Nudds, Robert; Koutrouditsou, Lydia (2022), Swallowtail butterfly wing and tail measurements, Dryad, Dataset,


The European swallowtail butterfly (Papilio machaon) is so named, because of the long and narrow prominences extending from the trailing edge of their hindwings and, although not a true tail, they are referred to as such. Despite being a defining feature, an unequivocal function for the tails is yet to be determined, with predator avoidance (diverting an attack from the rest of the body), and enhancement of aerodynamic performance suggested. The swallowtail, however, is sexually size dimorphic with females larger than males, but whether the tail is also sexually dimorphic is unknown.
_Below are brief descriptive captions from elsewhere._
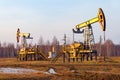 Oil pump jack rocking with pipeline in the background. Rocking machines for power generation. Extraction of oil Royalty Free Stock Photo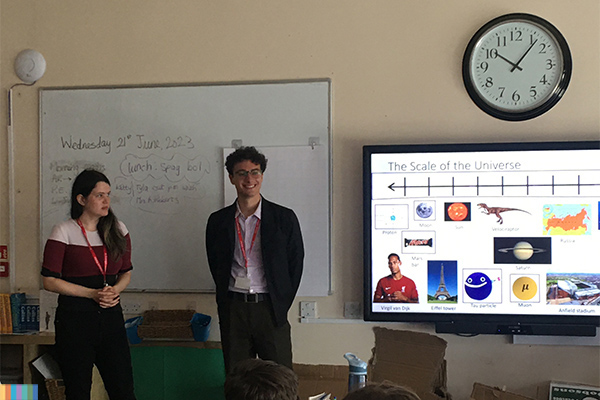 Two students talking to school children in a class room.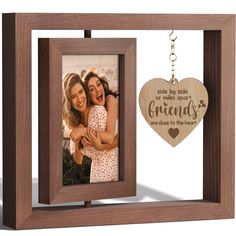 a wooden photo frame with a heart hanging from the front and an engraved keychain attached to it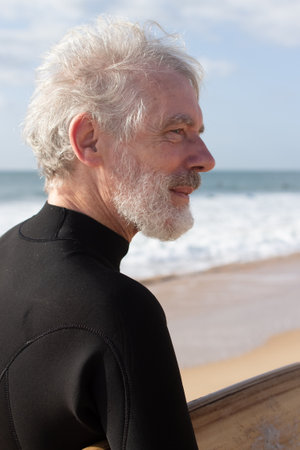 Portrait of senior man with surfboard near ocean. Thoughtful grey-haired man in wetsuit and with...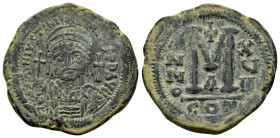 JUSTINIAN I, (527-565 AD). Ae. Follis. Constantinople.

Obv : D N IVSTINIANVS P P AVC.
Helmeted, cuirassed bust facing, holding cross on globe and shi...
Here, museum specimens were used to determine whether sexual selection has played a role in the evolution of the swallowtail butterfly tails in a similar way to that seen in the tail streamers of the barn swallow (Hirundo rustica), where the males have longer streamers than those of the females. Previously identified sexual dimorphism in swallowtail butterfly size was replicated, but no evidence for dimorphism in tail length was found. If evolved to mimic antennae and a head to divert a predatory attack, and if an absolute tail size was the most effective for this, then the tail would probably be invariant with butterfly hindwing size. The slope of the relationship between tail length and size, however, although close to zero, was nonetheless statistically significantly above (tail length µ hindwing area 0.107 ± 0.011). The slope also did not equate to that expected for geometric similarity (tail length µ hindwing area 1/2) suggesting that tail morphology is not solely driven by aerodynamics. It seems likely then, that tail morphology is primarily determined by, and perhaps a compromise of several, factors associated with predator avoidance (e.g. false head mimicry and a startling function). Of course, experimental data are required to confirm this.